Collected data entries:
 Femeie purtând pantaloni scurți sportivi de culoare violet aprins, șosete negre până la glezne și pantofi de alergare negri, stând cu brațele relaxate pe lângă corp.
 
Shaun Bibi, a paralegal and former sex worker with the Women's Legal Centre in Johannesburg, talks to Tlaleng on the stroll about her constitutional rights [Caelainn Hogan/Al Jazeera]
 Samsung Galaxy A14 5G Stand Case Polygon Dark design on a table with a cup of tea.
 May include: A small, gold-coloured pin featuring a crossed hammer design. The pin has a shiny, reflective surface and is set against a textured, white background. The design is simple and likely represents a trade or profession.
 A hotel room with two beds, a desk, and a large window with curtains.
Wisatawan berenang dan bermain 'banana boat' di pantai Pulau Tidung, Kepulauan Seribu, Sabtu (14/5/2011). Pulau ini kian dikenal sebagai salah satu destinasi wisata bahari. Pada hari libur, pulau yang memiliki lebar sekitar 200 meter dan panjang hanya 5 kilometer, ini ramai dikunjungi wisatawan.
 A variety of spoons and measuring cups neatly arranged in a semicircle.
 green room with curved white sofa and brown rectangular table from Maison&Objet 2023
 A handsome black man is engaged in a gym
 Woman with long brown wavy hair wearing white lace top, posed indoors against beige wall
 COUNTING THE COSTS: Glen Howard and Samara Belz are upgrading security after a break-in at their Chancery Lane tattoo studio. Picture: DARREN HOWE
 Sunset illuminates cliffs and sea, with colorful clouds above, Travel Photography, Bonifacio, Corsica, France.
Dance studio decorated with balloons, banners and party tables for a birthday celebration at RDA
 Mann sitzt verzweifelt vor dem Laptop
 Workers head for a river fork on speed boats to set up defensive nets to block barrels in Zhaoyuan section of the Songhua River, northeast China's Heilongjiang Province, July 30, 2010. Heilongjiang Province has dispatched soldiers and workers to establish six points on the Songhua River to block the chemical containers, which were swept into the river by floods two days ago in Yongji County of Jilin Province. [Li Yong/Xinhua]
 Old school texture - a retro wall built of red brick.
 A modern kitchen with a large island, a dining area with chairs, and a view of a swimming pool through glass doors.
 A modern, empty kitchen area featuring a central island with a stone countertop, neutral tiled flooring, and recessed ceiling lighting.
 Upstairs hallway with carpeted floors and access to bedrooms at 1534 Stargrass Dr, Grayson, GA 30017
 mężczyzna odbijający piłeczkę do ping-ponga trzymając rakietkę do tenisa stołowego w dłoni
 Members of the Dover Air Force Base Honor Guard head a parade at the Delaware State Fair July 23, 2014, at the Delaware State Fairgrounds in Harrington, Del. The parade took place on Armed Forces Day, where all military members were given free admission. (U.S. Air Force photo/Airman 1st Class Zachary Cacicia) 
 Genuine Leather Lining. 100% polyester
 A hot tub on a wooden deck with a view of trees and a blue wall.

◆ What is expected ◆
From the entries above, copy each line holding "against".

◆ Expected answer ◆
 May include: A small, gold-coloured pin featuring a crossed hammer design. The pin has a shiny, reflective surface and is set against a textured, white background. The design is simple and likely represents a trade or profession.
 Woman with long brown wavy hair wearing white lace top, posed indoors against beige wall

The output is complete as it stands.